Instrumente sind auch nur Menschen
Obertonkonzert faszinierte mit variationsreichen und ungewöhnlichen Klängen
(Bericht der HNA vom 28. Mai 08 Nicola Uphoff-Watschong)
Lippoldsberg. Der Titel ist für Obertonsänger Reinhard Schimmelpfeng (Bremen) Programm. Auch wenn er durchaus ganz allein mehrstimmige Gesänge erklingen lassen kann, greift er doch gerne auf seine "Kollegen", obertonreiche Instrumente aus aller Welt zurück.
Achtsam geht er mit ihnen um, nicht nur in der Handhabung. Er begrüßt sie, stellt sie vor, lauscht ihren Klängen und beginnt ein musikalisches Gespräch mit ihnen. Nach jedem Stück verweist er dankend auch auf die Instrumente, die er mit freundlichen, aber deutlichen Worten vor neugierigen Zugriffen der Zuhörer zu schützen weiß. Sie seien schließlich auch nur Menschen, die sich nicht gerne von jedermann beklopfen lassen.
Aus eins mach drei - als Obertonsänger kann Reinhard Schimmelpfeng
ganz allein mehrstimmig singen, grad so, als sänge er ein Terzett
mit seinen Schatten. Dazu spielt er gleichzeitig verschiedene Instrumente.
Stimme, chinesische Windharfe, australisches Didgeridoo, indische Tambura, slowakische Obertonflöte und Symphonic-Gong haben aber noch mehr gemeinsam - sie alle geben nur Grundtöne vor, archaische Laute, über denen sich hell pfeifende, sphärische Klangmuster entfalten können.
Einige Zuhörer hatten in einem vorausgehenden Workshop selbst die Erzeugung von Obertönen mit Vokalen und besonderer Mundformung erproben können. Das sei zunächst sehr ungewohnt gewesen und müsse genauso geübt werden, wie "normaler" Gesang, berichtete Elisabeth Artelt, Kantorin an der Klosterkirche.
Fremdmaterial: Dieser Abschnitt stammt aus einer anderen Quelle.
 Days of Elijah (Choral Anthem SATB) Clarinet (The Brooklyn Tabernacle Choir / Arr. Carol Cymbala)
Sich beim Konzert den Klängen einfach hinzugeben, sei dagegen eine wunderbare Entspannung.
Im Duett zwischen Obertonsänger Reinhard Schimmelpfeng
und seinem Symphonic-Gong entstanden ineinander verwobene
Klänge, die Erdschwere und himmlische Leichtigkeit verbanden.
Schimmelpfeng regte während des Konzertes an, auch andere Plätze zum Zuhören zu erkunden. Die Besucher verteilten sich in der ganzen Kirche, manche lagen auf den Kirchenbänken und empfanden die über ihnen dahinfliegenden Gesänge wie eine Seelenmassage. "Obertonreiche Musik steht oft im Zusammenhängen mit religiösen Riten, zum einen wohl, weil etwas Heilsames von diesen Klängen ausgeht, aber auch weil sie - wie die Kirchenmusik - Musik zum Mittun ist", so führte Pfarrer Trappe zu Beginn des faszinierenden Konzertes ein.
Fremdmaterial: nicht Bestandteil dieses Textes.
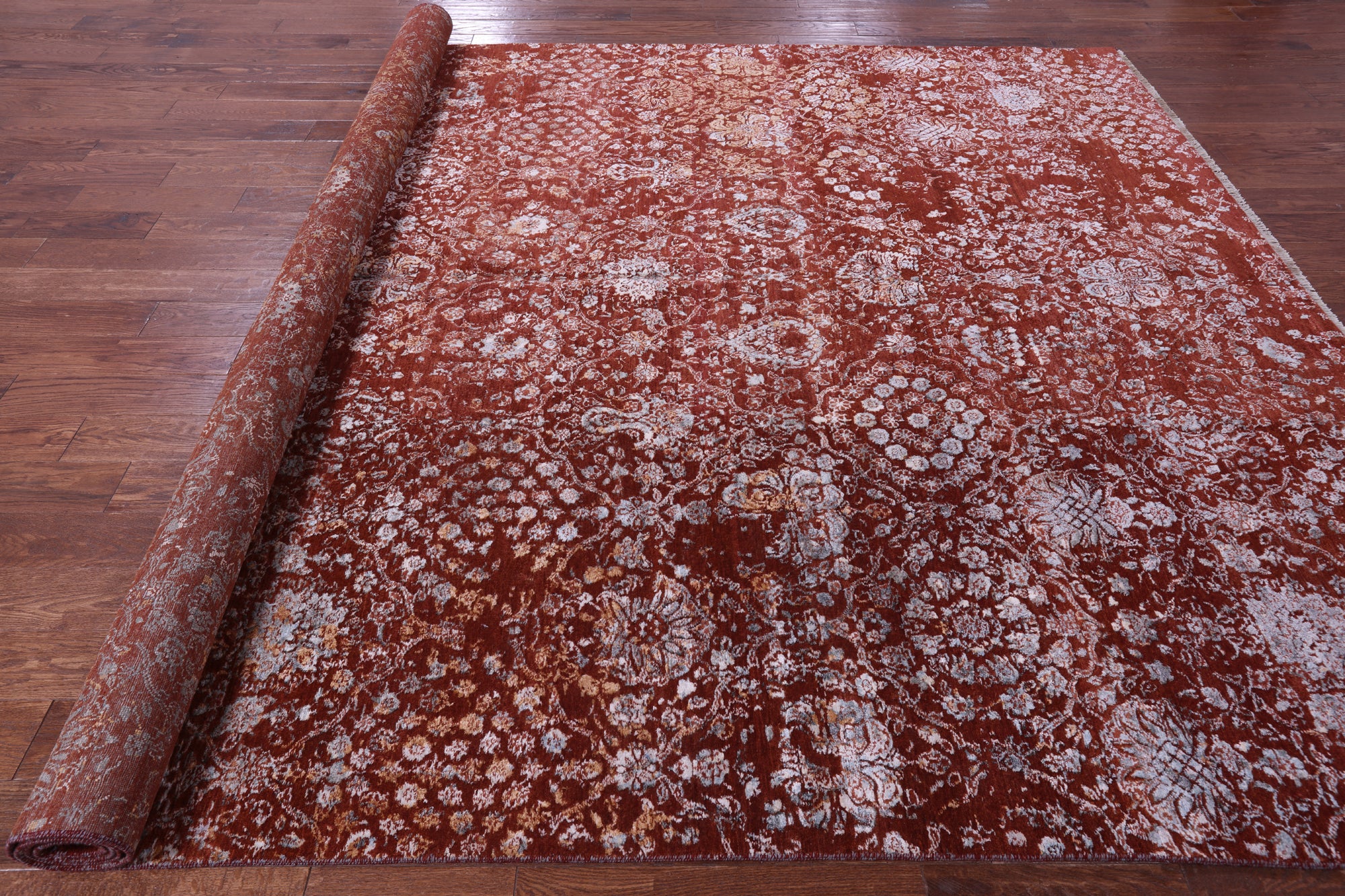 SUPER SALE Modern Handmade Wool & Silk Rug - 8' 11" X 12' 3"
Er stellte den Künstler als freien Kirchenmusiker vor, der sich zwar der alten Musik verbunden fühle, aber auch neue Wege gehe. Schimmelpfengs musikalische Wurzeln entspringen kirchlicher Tradition. Er lernte Trompete, Posaune, Gesang und Orgel in Hephata. Zehn Jahre arbeitete er bei der Bremischen Evangelischen Kirche als Referent für musisch-kulturelle Bildung. Seine jetzige Arbeit als freier Musiker in dieser außergewöhnlichen Klangwelt ist kein Bruch, sondern eine folgerichtige Weiterentwicklung.